I begin by acknowledging the traditional custodians of the land on which we stand, the Wurundjeri People, and also the lands on which those joining us remotely are located.  

I celebrate their connection to their land, to Country, to culture, knowledge, and stories.  

I pay my respects to their Elders, knowledge holders and leaders, past and present, and extend that respect to all First Nations people joining in today.

I acknowledge the Legal Services Commissioner, guests and participants.

Thank you to the LIV, Tania Wolff and Adam Awty, for holding this annual briefing. It is great to join you.

Looking to the future
Victoria’s courts are continuing to evolve rapidly, in part as a consequence of what we have learned over the past three years.

In 2023, we have a solid platform to work from, created through new technologies we have developed and the flexibility we have built within ourselves and our organisations. 

Today my question is, what’s next?  What does the future look like?  

This is not to ignore that we continue to face significant challenges in our community, our environment, our economy and the justice sector.  Rather, it is to say that we cannot standstill.  We must continue to adapt and evolve taking into account what we have learnt and how that can be leveraged.

And it is a good time for all of us to review what we’re doing and how we’re doing it, and to ask ourselves: is there a better way?

My message today is to keep looking forward, not back.

Building new skills
Many of us came up through the profession at a time when it was widely believed that the best way to learn was by osmosis.

The way we work, teach, and learn has changed dramatically.

In the latest LIV Member Engagement Survey I read that three out of four lawyers felt they needed to develop new skills and knowledge because of the pandemic and other factors. That has to be right.

Lawyers need the knowledge and flexibility to move between multiple communication channels.

They have to be able to engage with a client on a screen as well as across a table.

They need to continue to hone the skills necessary in a virtual courtroom – and I am not just talking about the skills for interacting with the bench through a screen, but also the interactions with colleagues and clients not visible in the virtual courtroom. 

Lawyers need to develop their advocacy in all formats.

I have no doubt that the profession will embrace the opportunity to build these relatively new skills.

Connecting with others
We know there are many new lawyers entering the profession – over 340 new lawyers have already been admitted in Victoria this year.  

However, I hear that many firms are struggling to find and retain new talent.  This has a ripple effect for the workload of senior lawyers.

In my experience, new lawyers are more likely to stay when they are inspired and engaged by the people they work with, the work that they do and when their development needs are met.  

I encourage those who are more senior to take an active role in connecting with new lawyers, particularly those who have joined the profession since 2020.

If we want new lawyers to do well and remain in the profession, there must be a concerted effort to bring people through.
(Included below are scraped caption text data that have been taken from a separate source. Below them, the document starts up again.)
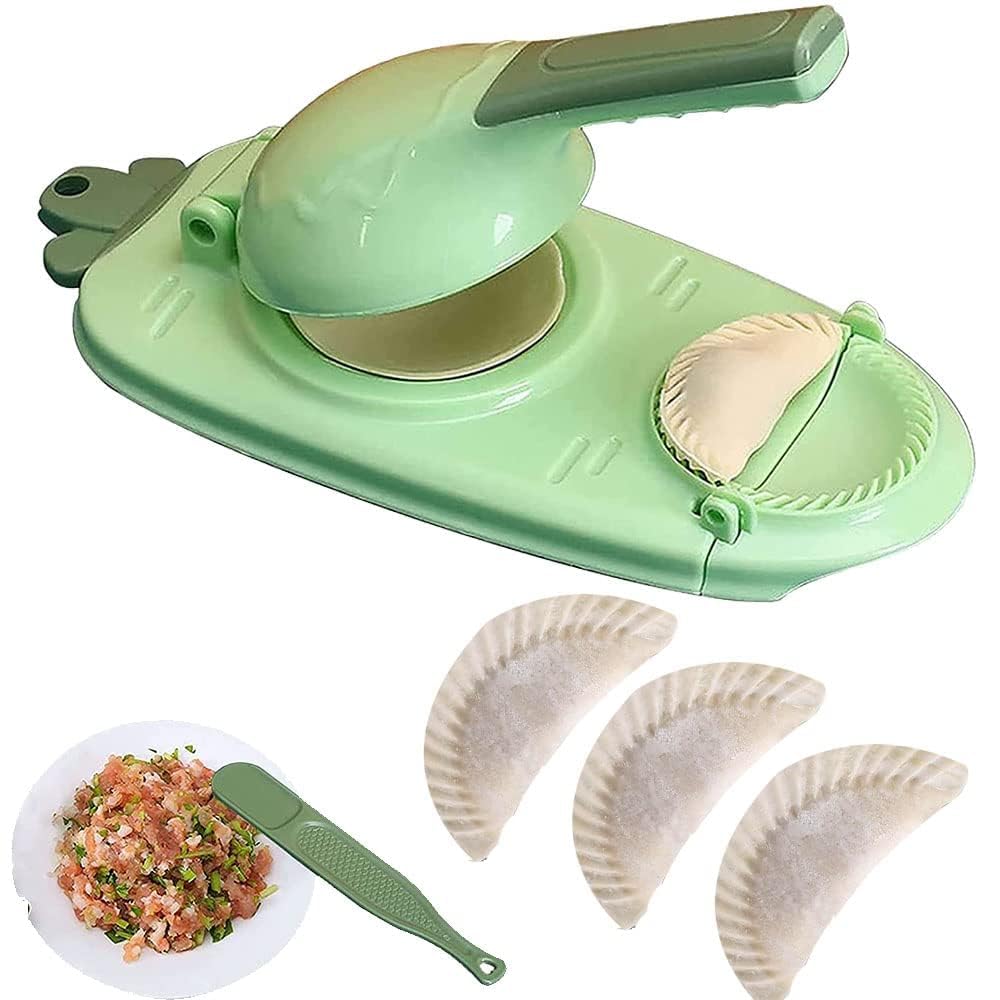 Kitchen stuff plus 2-in-1 Dumpling Maker, Dumpling Skin Artifact DIY Dumpling Tool, Manual Dumpling Press Molds Set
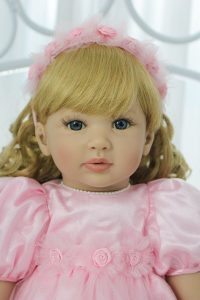 60CM Reborn Toddler Girl Curly Blonde Hair Princess Lifelike Baby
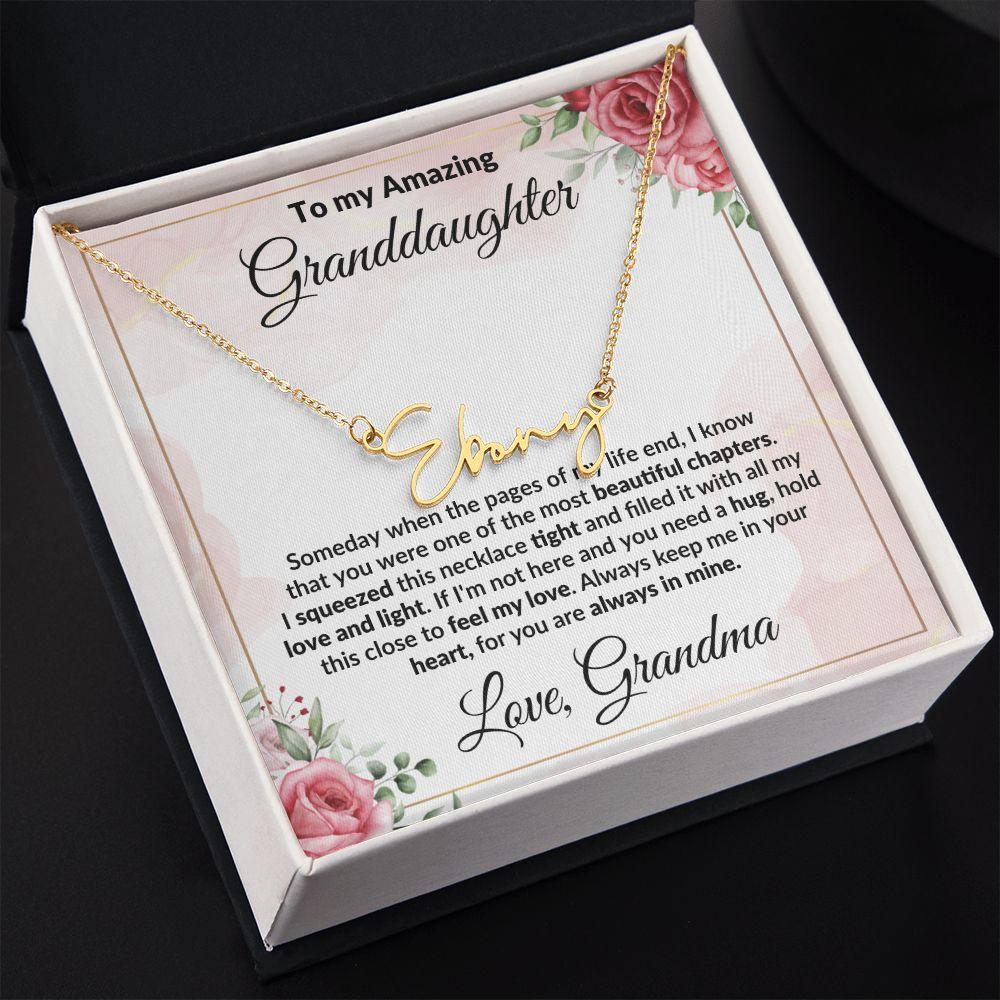 To My Amazing Granddaughter Personalized Script Name Necklace with Message Card - Mallard Moon Gift Shop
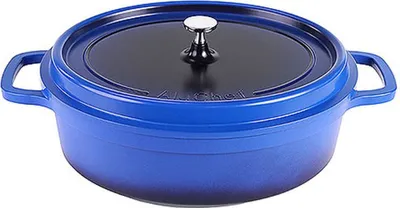 Produktbild von AluChef® Cocotte, oval 35 cm x 29 cm / blau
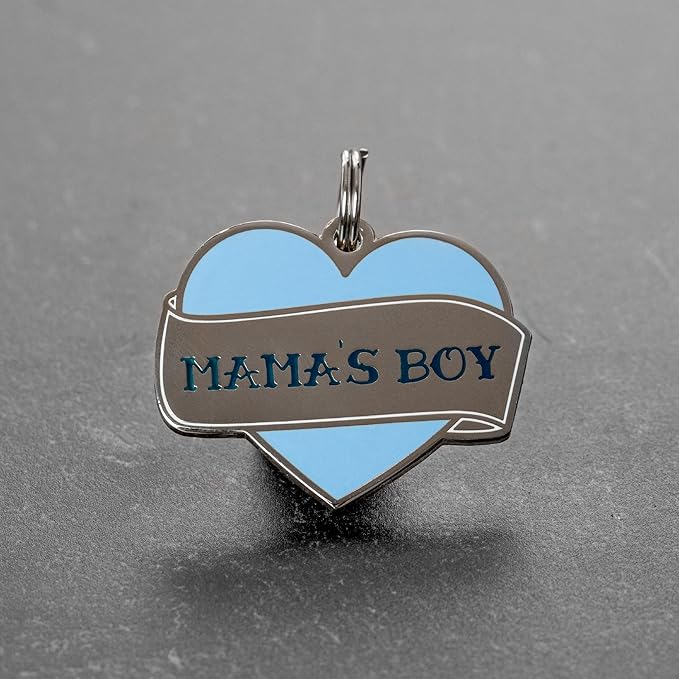 Two Tails Pet Company Personalized 'Mama's Boy' Pet ID Tag - Custom Engraved Dog Tags for Pets - Durable Brass, Silver Plating, Free Engraving for Dog's Name, Perfect for Dog Collars & Leashes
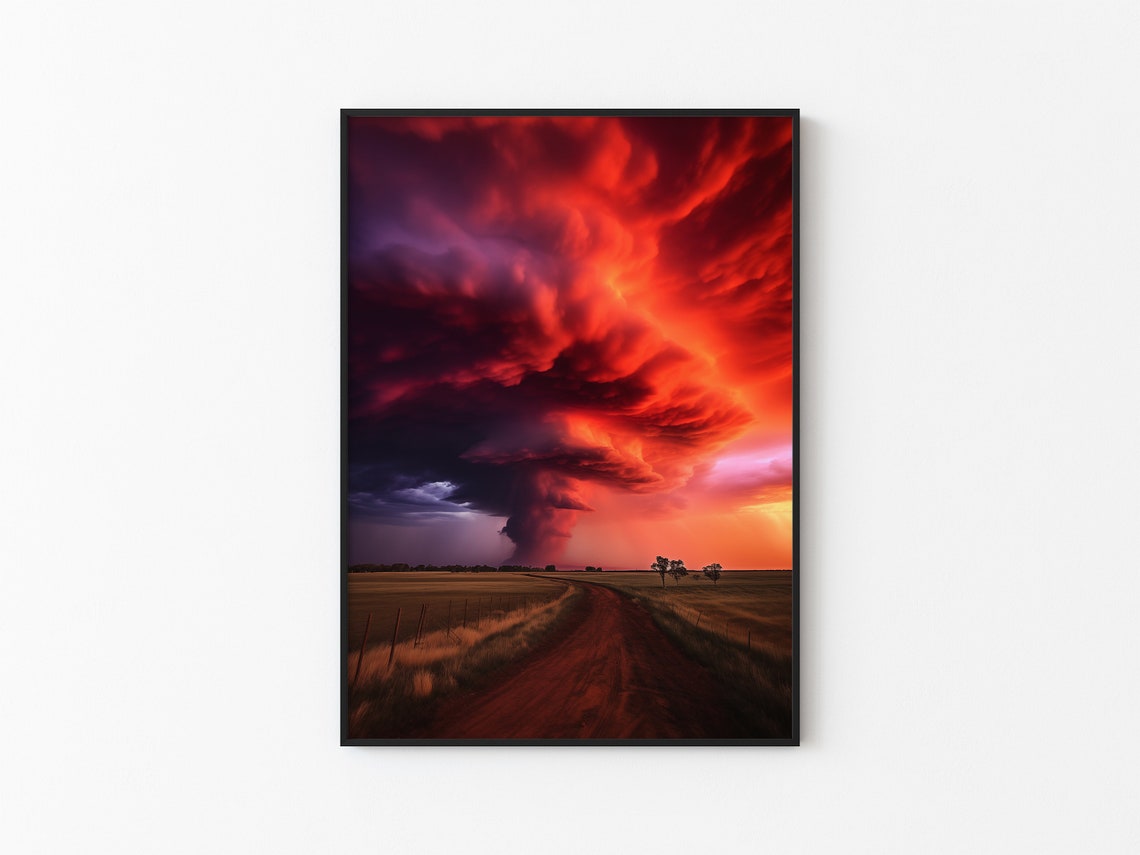 Towering Red Supercell Tornado Funnel Over Open Prairie Poster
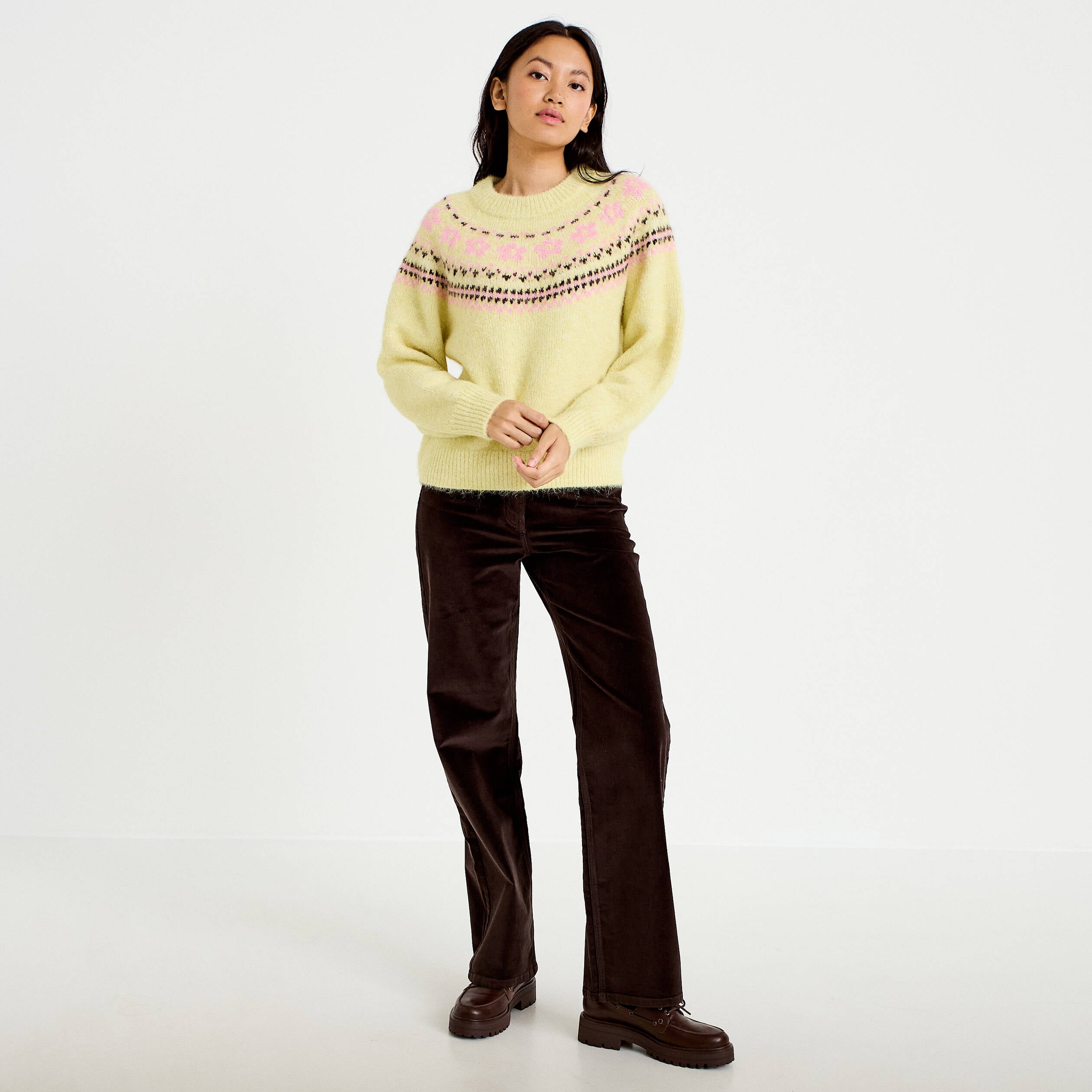 Pull col rond manches longues jaune clair femme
Now is the time to inspire and find inspiration in those around you.

Learning and honing new skills; making connections; developing people around us all takes time.  It can be hard to find that time when the immediate pressures of workload and client demands loom large.  

But in the end, time spent on connections is time that could not be better spent.

Sharing experiences
Sharing experiences is important in other ways.  It helps to inform our assessment of what works and what doesn’t; what should be retained and what discarded. 

Online hearings are an example.  We know people have very different views about them.

I can’t see online hearings not having a part in our work as courts.

But we do not have a fixed view about them and the role that they will play.  We need and want to know more about people’s experiences; what works, what doesn’t, what can we do differently? 

To help us, we have commissioned research that goes beyond anecdotal accounts.  

If anything, the last three years has taught me that people’s experiences are individual, with a wide range of views and practice.  None of us should think that our experience is universal – it isn’t.

We need to listen to, and learn from, the varied experiences.

The research will engage with the spectrum of court users, including staff and the judiciary, the profession, service providers and public-end users.  

The research will seek to understand users’ experiences of online hearings, to help establish an evidence base that will support the courts in considering the continued and best use of them.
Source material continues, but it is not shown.